Going back into work won't be just like it was before, if you are allowed back into your workplace. You will still have to follow social distancing guidelines, a limited number of people will be allowed in enclosed spaces like offices, and extra cleaning will need to be done.

Some offices are likely to implement a 'one-way’' system to prevent people from passing too closely next to each other, and there will be rules in place about using communal mugs and cutlery.

Some workplaces will require employees to wear a mask, while others won't. According to the Government guidance, "face coverings must be worn by retail, leisure and hospitality staff working in areas that are open to the public and where they're likely to come into contact with a member of the public." However, transport staff aren't required to wear masks, but are recommended to if they're unable to socially distance from passengers, for example.

The government has outlined guidance for all workplaces, which you can take a look at here.

"Minimising risk when returning to work is a case of continuing the actions we have become used to since the start of the pandemic," Dr Maggs says.

That includes (in England):

  • Remaining socially distanced at two metres, or one metre plus other precautions such as wearing a face coverings.

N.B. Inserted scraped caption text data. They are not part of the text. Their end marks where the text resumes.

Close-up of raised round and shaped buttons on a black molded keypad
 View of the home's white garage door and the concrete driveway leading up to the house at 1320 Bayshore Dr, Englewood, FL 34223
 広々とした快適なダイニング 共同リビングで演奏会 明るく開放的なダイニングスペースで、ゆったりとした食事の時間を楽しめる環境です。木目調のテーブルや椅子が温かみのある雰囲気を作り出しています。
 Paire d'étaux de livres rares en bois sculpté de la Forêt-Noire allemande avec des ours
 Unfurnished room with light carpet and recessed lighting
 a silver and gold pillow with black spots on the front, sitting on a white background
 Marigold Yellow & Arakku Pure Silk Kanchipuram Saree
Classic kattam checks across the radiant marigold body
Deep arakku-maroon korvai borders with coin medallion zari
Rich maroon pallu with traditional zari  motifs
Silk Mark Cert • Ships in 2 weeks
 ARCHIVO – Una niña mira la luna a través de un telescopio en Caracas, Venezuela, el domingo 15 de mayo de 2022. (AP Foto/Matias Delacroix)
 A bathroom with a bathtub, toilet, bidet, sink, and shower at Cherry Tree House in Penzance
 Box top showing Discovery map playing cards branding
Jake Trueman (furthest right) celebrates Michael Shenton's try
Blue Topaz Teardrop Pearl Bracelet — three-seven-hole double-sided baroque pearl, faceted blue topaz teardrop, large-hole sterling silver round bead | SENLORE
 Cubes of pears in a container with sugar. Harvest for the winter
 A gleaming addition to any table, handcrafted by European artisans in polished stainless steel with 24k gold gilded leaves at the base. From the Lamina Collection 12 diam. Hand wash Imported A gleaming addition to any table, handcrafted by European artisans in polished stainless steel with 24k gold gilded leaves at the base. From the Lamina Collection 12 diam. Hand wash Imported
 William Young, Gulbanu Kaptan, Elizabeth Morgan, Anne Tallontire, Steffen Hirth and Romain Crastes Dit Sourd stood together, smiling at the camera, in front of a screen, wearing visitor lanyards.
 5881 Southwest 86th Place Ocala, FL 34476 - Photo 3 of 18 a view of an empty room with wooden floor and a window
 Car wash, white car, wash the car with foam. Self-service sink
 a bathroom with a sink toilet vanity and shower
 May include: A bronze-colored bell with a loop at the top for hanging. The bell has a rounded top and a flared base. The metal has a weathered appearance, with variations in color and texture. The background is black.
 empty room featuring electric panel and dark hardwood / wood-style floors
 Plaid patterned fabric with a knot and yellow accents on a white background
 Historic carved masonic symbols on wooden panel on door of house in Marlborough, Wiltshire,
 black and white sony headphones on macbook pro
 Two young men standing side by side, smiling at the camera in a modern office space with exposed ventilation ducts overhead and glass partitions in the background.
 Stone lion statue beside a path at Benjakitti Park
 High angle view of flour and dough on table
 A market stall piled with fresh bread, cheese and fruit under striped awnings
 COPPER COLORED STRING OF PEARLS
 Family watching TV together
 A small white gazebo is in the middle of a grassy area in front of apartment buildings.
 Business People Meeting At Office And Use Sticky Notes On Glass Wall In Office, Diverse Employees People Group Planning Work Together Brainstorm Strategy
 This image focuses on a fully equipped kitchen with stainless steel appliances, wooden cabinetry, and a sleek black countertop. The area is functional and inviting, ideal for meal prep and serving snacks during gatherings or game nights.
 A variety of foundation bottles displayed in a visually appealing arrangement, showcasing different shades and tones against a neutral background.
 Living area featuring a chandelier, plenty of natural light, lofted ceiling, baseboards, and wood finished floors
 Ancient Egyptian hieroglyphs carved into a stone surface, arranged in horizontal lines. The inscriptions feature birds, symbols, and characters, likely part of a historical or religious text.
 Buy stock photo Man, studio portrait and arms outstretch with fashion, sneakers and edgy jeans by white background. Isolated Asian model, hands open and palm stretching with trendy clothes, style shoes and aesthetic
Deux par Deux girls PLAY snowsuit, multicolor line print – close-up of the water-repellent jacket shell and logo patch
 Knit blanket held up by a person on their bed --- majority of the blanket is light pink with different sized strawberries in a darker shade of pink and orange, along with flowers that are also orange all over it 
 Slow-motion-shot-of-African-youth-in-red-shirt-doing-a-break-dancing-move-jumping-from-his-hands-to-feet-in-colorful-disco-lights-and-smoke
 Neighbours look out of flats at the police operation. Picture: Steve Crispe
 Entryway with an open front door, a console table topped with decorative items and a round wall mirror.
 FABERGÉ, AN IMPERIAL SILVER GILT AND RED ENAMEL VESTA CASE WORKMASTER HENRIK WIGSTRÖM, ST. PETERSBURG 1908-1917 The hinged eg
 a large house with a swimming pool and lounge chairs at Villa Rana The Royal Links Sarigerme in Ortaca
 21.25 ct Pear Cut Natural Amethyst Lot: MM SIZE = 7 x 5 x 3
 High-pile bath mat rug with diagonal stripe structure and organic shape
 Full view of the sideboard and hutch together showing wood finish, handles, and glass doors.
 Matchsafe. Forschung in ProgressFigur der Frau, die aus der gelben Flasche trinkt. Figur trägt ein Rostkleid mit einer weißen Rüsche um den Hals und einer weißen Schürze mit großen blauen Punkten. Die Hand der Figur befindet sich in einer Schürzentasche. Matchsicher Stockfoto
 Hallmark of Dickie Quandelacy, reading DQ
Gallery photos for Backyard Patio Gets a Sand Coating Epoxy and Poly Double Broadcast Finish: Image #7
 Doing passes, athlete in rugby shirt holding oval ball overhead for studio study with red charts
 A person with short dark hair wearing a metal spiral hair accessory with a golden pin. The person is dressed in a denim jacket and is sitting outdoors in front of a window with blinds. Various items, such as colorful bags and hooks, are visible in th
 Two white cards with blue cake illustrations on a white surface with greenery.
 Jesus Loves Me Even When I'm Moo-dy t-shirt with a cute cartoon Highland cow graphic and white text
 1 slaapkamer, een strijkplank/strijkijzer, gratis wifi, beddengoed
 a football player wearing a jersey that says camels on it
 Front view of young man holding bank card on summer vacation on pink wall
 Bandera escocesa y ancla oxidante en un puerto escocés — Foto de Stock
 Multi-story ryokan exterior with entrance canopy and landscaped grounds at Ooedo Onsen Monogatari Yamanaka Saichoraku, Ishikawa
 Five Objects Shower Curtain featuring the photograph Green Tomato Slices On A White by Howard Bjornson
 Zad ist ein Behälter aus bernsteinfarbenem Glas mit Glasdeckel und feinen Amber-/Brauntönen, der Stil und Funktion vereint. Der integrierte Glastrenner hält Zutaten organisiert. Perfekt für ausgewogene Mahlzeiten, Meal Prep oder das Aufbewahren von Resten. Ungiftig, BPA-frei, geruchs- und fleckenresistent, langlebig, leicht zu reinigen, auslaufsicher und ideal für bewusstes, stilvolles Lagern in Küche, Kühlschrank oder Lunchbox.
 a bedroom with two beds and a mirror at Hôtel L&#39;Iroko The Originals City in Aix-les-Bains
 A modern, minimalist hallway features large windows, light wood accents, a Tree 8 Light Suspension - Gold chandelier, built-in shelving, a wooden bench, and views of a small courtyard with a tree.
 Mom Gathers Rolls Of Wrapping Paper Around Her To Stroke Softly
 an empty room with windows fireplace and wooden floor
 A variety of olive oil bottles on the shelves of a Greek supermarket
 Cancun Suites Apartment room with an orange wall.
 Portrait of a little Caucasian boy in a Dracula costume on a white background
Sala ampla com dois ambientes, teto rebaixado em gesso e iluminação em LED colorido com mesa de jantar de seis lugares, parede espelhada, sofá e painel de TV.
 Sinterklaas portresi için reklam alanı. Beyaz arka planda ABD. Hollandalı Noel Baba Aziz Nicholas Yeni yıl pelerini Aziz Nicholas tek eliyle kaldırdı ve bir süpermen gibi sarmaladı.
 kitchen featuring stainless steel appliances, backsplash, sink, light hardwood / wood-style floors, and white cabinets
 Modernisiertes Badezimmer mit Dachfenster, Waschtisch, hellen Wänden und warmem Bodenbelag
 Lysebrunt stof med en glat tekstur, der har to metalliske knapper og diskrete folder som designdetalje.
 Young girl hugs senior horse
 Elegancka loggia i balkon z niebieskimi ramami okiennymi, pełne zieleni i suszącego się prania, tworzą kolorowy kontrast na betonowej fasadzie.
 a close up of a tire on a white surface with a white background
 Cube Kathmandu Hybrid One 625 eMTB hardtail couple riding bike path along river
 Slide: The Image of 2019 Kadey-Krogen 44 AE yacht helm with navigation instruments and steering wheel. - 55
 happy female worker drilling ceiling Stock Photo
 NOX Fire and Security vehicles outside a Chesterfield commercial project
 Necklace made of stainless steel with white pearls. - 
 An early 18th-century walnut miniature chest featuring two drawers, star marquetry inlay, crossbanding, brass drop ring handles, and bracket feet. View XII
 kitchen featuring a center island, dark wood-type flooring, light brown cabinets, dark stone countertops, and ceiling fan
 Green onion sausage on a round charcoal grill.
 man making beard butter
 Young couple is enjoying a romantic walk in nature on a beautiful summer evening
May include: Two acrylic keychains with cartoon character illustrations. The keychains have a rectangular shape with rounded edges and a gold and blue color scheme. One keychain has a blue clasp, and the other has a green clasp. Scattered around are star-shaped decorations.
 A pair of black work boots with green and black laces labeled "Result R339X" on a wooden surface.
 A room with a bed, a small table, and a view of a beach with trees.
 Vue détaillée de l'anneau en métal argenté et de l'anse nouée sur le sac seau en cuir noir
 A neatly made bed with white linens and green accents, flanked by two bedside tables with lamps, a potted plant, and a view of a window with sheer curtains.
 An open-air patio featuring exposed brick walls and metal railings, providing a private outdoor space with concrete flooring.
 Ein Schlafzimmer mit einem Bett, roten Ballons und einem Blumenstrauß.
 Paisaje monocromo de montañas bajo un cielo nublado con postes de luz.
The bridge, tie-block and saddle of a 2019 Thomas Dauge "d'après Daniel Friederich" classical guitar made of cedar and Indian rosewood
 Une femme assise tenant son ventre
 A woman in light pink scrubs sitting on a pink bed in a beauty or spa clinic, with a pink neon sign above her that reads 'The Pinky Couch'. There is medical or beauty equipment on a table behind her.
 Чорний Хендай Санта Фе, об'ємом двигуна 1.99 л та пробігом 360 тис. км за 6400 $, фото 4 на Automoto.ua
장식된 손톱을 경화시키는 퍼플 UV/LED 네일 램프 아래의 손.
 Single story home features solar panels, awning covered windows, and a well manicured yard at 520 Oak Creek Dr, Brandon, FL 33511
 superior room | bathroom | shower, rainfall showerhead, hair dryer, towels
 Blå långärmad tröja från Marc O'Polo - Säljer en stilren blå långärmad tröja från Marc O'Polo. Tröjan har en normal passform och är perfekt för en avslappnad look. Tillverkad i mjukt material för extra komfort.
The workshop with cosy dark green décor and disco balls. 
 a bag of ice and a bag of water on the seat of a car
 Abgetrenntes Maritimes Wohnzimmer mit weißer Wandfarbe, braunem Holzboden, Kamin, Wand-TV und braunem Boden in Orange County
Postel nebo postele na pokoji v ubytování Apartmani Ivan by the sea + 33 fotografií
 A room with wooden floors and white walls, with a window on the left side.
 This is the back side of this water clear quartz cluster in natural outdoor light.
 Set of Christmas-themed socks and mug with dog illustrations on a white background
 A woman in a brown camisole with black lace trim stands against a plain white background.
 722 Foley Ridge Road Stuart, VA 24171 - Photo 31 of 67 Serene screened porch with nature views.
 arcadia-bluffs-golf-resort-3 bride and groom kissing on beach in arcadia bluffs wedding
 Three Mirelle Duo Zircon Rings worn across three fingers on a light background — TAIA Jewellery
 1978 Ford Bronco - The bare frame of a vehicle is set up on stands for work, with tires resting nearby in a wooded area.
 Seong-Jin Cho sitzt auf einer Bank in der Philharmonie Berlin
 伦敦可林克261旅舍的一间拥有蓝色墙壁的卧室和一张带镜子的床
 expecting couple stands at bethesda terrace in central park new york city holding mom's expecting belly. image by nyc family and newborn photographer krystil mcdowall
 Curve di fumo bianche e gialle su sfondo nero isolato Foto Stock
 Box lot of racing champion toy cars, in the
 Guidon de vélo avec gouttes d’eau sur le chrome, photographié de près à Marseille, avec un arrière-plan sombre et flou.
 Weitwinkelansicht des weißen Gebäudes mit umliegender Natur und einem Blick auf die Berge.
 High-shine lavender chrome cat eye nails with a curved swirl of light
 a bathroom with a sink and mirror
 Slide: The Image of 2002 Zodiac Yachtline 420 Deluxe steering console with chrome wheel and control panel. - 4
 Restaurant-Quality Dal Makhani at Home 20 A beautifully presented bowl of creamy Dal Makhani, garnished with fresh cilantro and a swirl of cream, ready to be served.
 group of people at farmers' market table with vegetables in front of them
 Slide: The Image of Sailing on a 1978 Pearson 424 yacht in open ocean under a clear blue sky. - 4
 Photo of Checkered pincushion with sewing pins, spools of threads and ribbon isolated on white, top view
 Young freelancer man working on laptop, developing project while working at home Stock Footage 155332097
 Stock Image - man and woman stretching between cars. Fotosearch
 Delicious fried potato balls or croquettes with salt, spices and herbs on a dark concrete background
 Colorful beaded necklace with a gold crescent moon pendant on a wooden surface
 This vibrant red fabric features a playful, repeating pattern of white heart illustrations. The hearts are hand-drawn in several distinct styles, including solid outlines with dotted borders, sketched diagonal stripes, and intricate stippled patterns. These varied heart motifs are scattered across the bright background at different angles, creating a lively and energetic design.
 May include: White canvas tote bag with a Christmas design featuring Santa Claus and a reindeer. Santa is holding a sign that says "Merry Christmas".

  • Washing your hands regularly and thoroughly for 20 seconds.

  • Wearing a face covering where social distancing is not possible.

Your employer's responsibilities

Maggs adds that employers should teach employees about the guidelines and provide as much support as possible.

"Ensure employees are shown and taught effective hand washing techniques," he suggests. "Explanations for the increased precautions that have been necessarily introduced in the workplace may also help with uptake and compliance. Many employers are putting in alcohol gel machines for hand washing, and temperature monitoring when entering the workplace."

If you have symptoms you should not go to work. Instead, you need to self-isolate and book a test.

Dr Chaudry says: "In general, all employees should be provided with a clean and hygienic workplace with the proper provision of hand sanitisers and face masks. Social distancing should be practiced by implementing multiple exits and entrances, reducing working hours where appropriate and by the use of signboards."

He adds that employers who require their workers to travel overseas should allow for self-isolation rules when they return.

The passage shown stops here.